ABOUT THIS EXERCISE
A faithful copy of all the data is the goal; omit the pictures.

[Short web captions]

--------------------------------

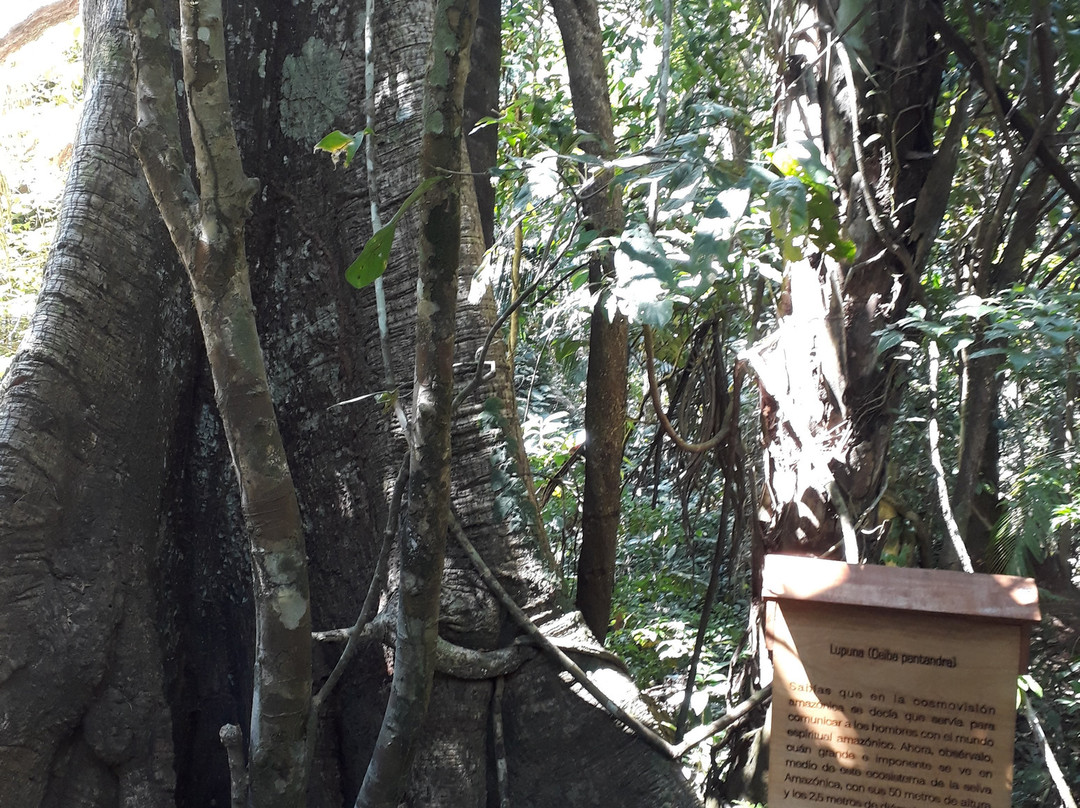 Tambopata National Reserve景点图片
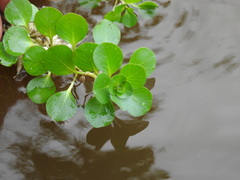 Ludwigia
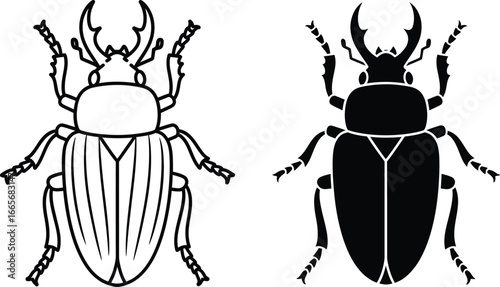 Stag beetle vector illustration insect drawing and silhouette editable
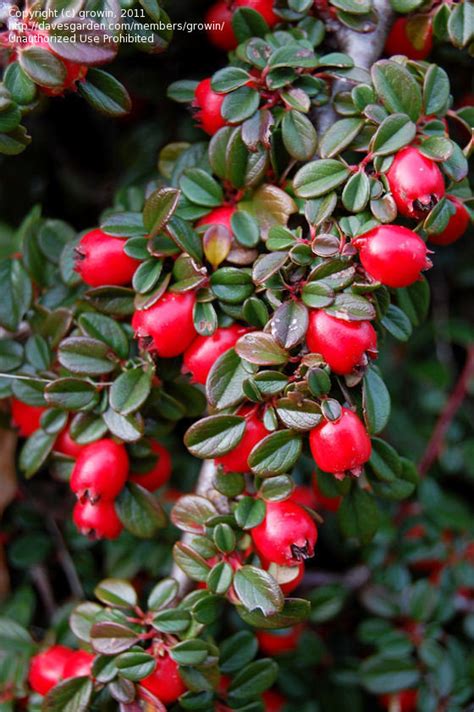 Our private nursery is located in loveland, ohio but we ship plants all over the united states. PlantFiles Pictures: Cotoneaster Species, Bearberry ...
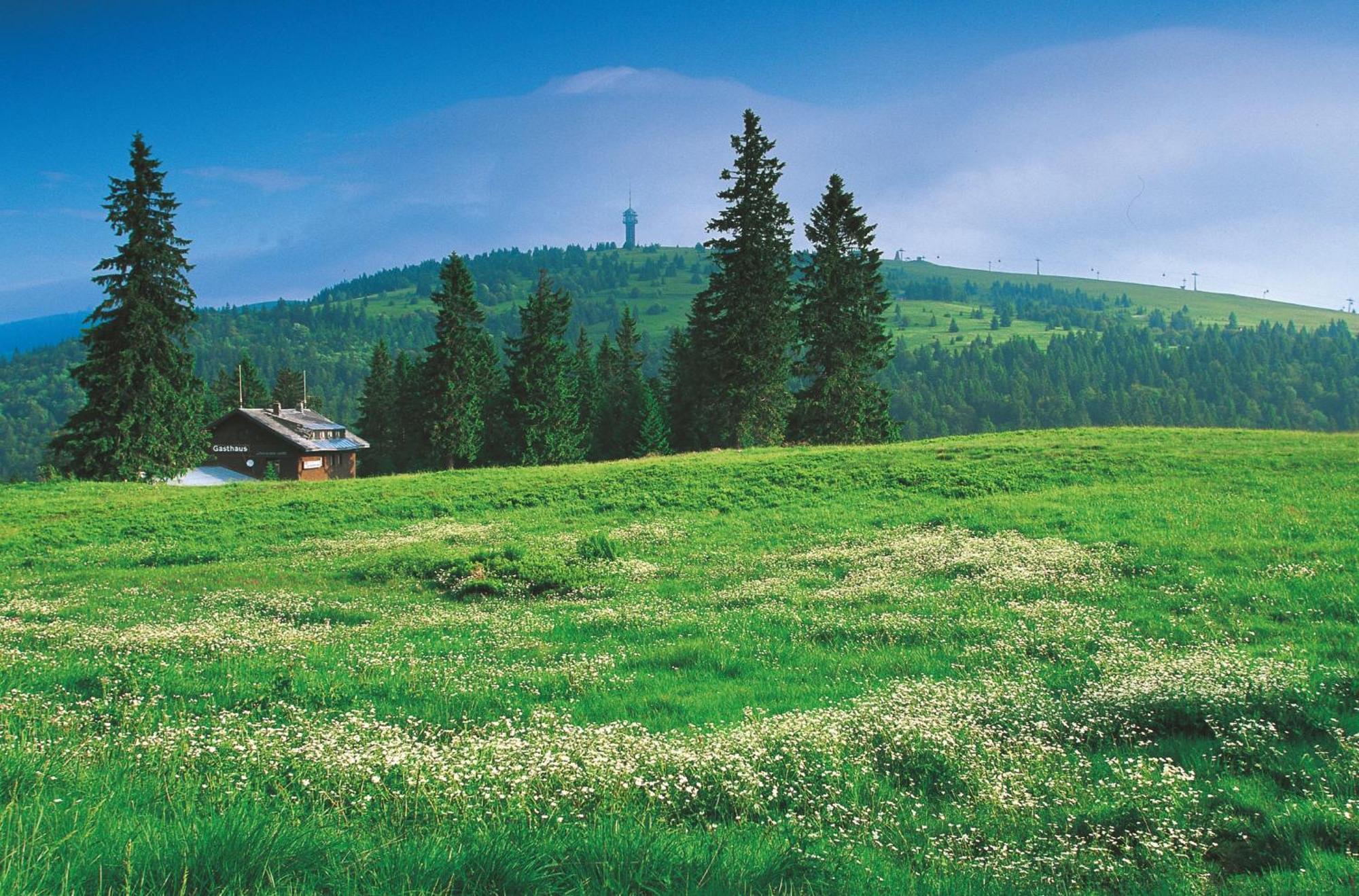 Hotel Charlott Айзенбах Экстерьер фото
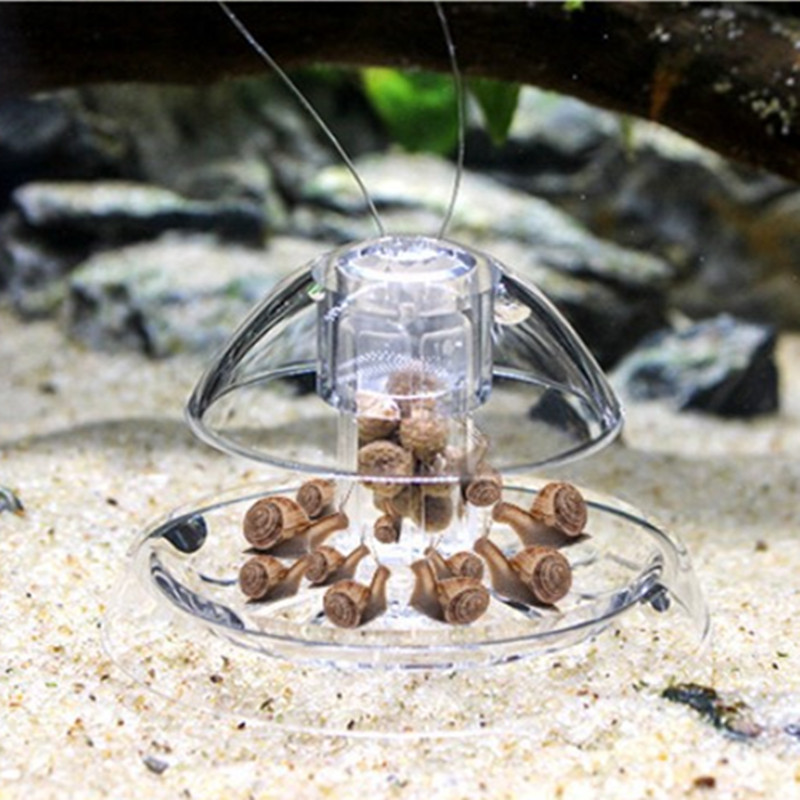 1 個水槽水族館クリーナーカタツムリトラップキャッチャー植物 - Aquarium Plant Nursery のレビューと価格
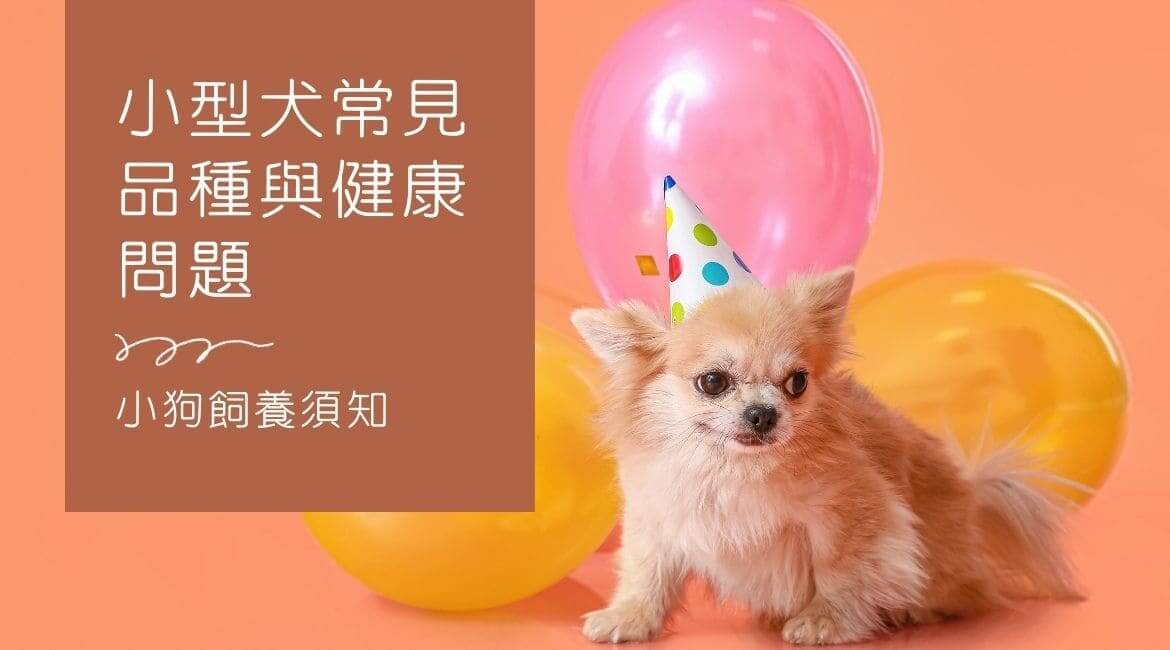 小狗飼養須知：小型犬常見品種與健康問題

--------------------------------

EXERCISE SOLUTION
 Tambopata National Reserve景点图片
 Ludwigia
 Stag beetle vector illustration insect drawing and silhouette editable
 Our private nursery is located in loveland, ohio but we ship plants all over the united states. PlantFiles Pictures: Cotoneaster Species, Bearberry ...
 Hotel Charlott Айзенбах Экстерьер фото
 1 個水槽水族館クリーナーカタツムリトラップキャッチャー植物 - Aquarium Plant Nursery のレビューと価格
 小狗飼養須知：小型犬常見品種與健康問題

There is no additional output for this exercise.